* Task to carry out
Exact copy, no pictures: return only the lines below from the line with "MRS. MEYER'S CLEAN" up to and including the line with "How to Choose".

* Information given

════════════════════

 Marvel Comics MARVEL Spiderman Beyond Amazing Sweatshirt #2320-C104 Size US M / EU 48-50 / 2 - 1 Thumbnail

════════════════════

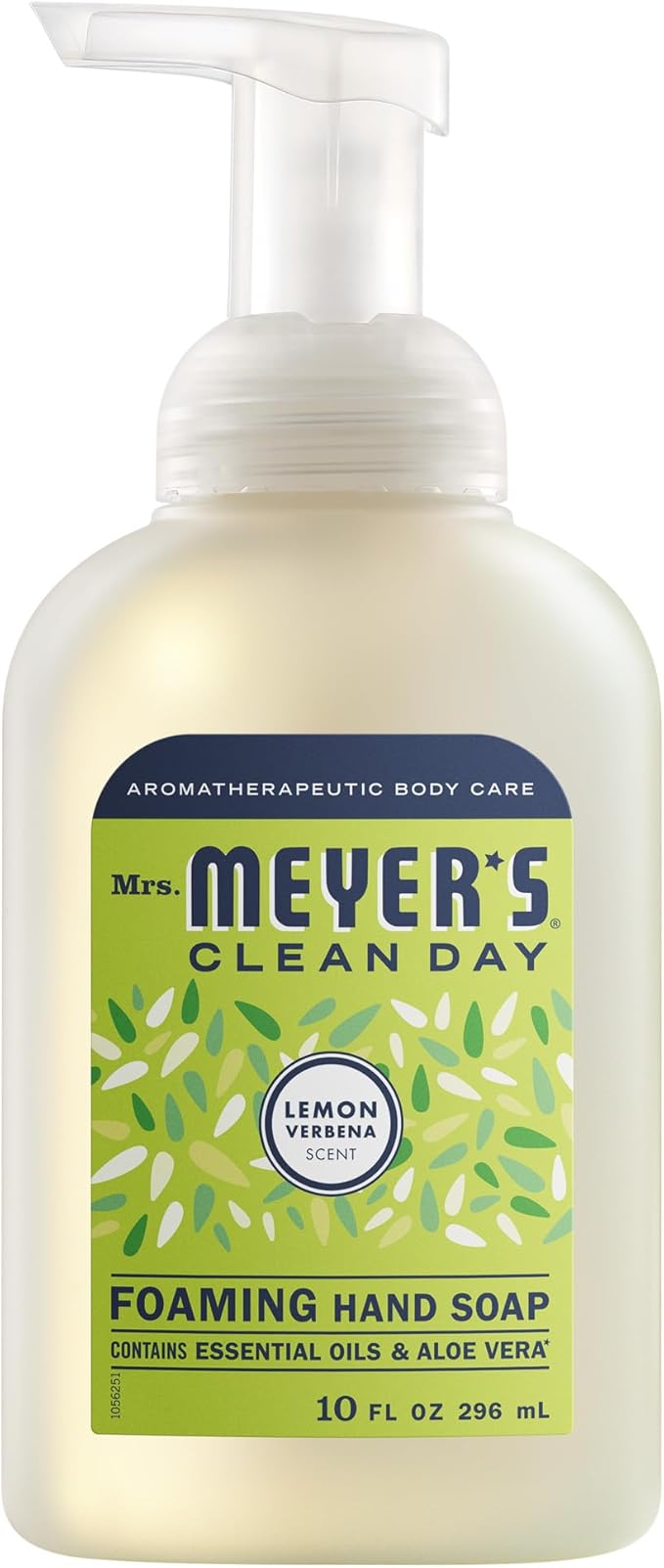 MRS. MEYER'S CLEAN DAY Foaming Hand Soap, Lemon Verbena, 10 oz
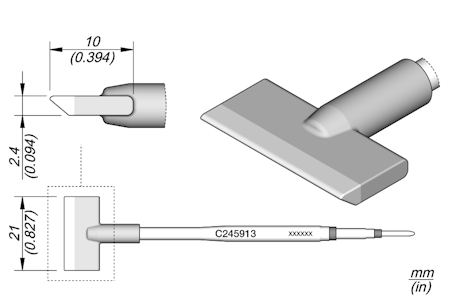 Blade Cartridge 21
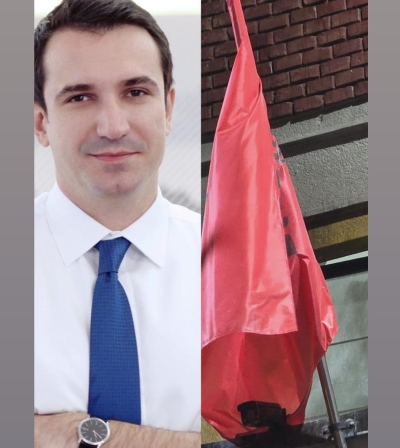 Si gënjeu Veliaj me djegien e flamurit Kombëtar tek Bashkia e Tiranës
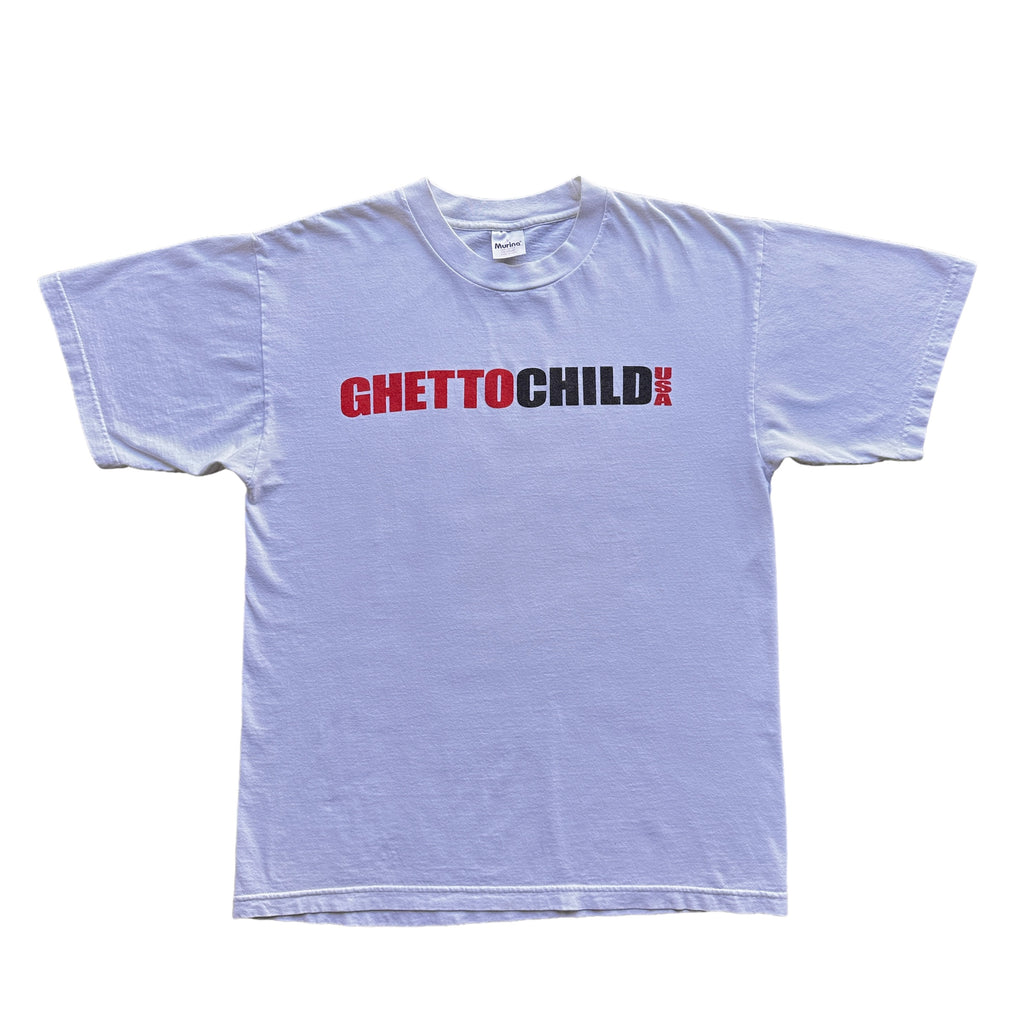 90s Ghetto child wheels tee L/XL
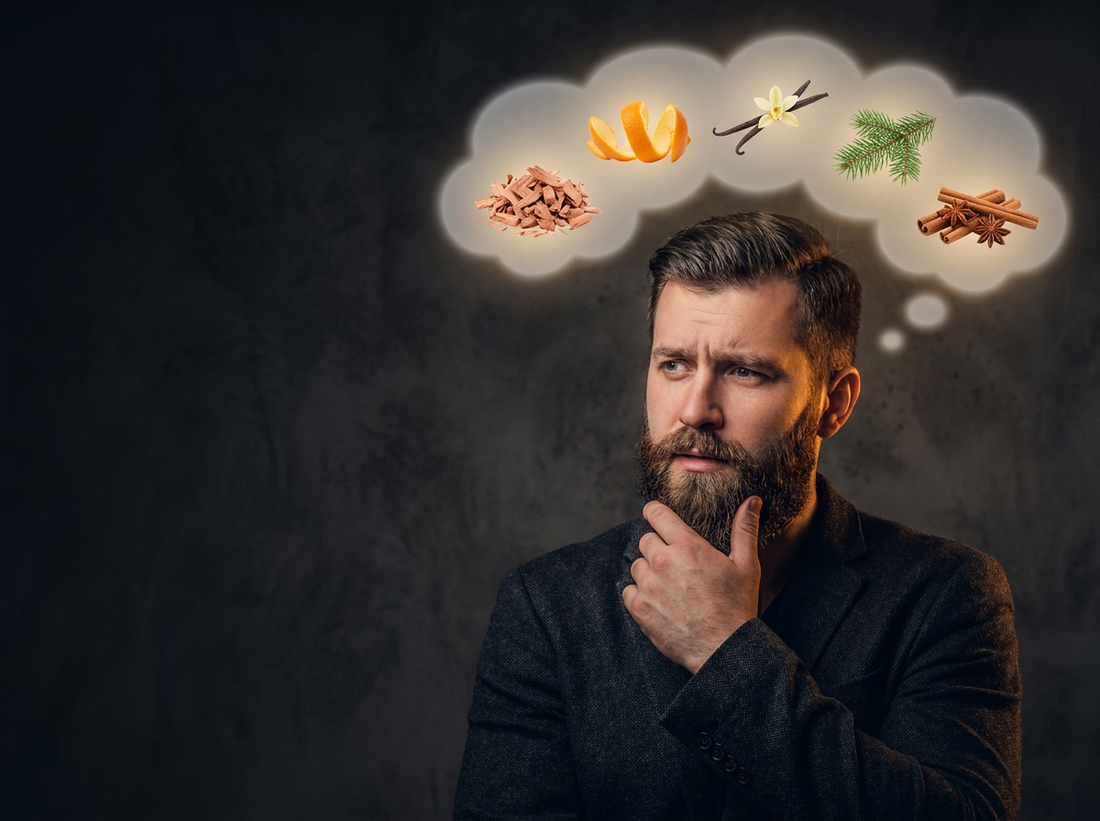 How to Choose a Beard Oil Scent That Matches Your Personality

════════════════════

* Response to this exercise
 MRS. MEYER'S CLEAN DAY Foaming Hand Soap, Lemon Verbena, 10 oz
 Blade Cartridge 21
 Si gënjeu Veliaj me djegien e flamurit Kombëtar tek Bashkia e Tiranës
 90s Ghetto child wheels tee L/XL
 How to Choose a Beard Oil Scent That Matches Your Personality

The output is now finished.